Electronic Thesis and Dissertation Repository

Thesis Format

Monograph

Degree

Master of Arts

Program

History

Supervisor

Wardhaugh, Robert A.

2nd Supervisor

Fleming, Keith

Co-Supervisor

Abstract

This thesis explores the masculinity of soldiers from Calgary during the Great War using a theoretical framework of hegemonic masculinity. The first chapter establishes a normative masculine standard in Calgary using local newspaper coverage of battalion departure parades. These events were rituals that celebrated militarized masculinity and reinforced the hegemonic ideal that existed across the British Empire in the early 20th century. The second chapter assesses how masculinity was performed in letters during the war. Although men strove to embody the masculine ideal, their letters were not uniform endorsements of martial masculinity.
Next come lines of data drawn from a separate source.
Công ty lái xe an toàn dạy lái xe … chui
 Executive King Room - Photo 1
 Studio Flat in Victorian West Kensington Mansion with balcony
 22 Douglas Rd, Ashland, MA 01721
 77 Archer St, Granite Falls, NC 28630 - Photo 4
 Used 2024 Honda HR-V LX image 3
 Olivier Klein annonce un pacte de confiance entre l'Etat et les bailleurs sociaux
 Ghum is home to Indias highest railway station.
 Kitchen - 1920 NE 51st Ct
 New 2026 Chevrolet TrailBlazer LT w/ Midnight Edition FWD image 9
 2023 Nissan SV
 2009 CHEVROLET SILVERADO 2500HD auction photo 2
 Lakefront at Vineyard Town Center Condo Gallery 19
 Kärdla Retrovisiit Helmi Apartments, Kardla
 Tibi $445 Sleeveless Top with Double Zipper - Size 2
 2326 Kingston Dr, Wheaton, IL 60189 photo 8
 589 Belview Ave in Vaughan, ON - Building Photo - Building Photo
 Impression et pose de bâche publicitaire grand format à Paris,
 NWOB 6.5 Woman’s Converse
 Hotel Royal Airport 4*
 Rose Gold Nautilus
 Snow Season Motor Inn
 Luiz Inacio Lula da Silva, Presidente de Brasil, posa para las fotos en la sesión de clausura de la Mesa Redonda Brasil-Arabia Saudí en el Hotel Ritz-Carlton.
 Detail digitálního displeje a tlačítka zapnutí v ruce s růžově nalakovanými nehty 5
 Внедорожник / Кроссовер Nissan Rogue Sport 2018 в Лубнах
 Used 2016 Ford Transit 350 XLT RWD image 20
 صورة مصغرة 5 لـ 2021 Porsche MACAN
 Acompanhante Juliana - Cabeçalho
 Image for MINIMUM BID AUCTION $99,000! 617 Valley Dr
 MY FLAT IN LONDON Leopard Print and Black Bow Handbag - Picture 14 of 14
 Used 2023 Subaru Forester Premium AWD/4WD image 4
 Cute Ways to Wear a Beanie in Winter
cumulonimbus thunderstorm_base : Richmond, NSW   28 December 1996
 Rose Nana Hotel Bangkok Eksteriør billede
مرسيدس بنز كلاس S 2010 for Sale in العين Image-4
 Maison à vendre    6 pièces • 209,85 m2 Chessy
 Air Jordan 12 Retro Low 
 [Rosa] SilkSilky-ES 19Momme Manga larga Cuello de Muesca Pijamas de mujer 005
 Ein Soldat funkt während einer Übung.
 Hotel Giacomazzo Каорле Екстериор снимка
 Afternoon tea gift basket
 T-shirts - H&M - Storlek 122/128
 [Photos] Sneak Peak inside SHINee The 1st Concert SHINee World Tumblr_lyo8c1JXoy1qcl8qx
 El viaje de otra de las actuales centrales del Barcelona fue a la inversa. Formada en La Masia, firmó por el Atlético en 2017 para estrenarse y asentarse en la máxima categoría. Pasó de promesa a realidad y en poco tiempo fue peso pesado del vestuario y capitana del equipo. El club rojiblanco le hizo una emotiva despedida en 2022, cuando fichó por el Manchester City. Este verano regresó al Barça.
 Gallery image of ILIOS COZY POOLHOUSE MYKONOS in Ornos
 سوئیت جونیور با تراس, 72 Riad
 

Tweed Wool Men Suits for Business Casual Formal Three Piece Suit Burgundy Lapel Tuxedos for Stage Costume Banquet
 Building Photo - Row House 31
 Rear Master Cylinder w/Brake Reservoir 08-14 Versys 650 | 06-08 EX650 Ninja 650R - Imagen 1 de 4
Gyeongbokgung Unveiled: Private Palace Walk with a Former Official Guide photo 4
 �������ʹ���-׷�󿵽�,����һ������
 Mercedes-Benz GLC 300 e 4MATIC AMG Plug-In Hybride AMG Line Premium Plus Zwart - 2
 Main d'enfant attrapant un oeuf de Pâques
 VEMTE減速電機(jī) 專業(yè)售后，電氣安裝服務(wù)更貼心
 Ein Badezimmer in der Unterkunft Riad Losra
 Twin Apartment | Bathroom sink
The third chapter analyzes how hegemonic masculinity shaped men’s memoirs and illuminates the enduring strength of the wartime masculine ideal. The hegemonic masculinity that existed in 1914 which celebrated physical prowess, military service, bravery, emotional control, and endurance, was not destroyed during the years of the war, but it did not survive unchanged.

Summary for Lay Audience

This thesis studies the masculinity of soldiers from Calgary during the Great War. In the early 20th century, across the British Empire, a dominant contingent of society believed that the ideal man was adventurous, brave, emotionally and physically tough, and patriotic. During the Great War, this conception of masculinity was tested. The first chapter establishes that Calgary newspapers celebrated this dominant masculine ideal and praised local men who embodied it. In particular, local newspaper coverage of battalion departure parades reinforced the soldier as an exemplary model of masculinity. The second and third chapters turn to the individual masculine identities of men from Calgary. They assess how men performed masculinity in their letters home and in their memoirs that they wrote after the war. In both cases, men in uniform largely upheld and promoted the same masculine traits and behaviours that were celebrated in newspapers as the hegemonic ideal. However, these personal sources also reveal that men adapted their masculine identities in response to their wartime experiences that challenged traditional conceptions of manly behaviour. Ultimately, this thesis illuminates how the individual masculine identities of Calgary men in the Great War aligned with or differed from societal expectations of masculinity.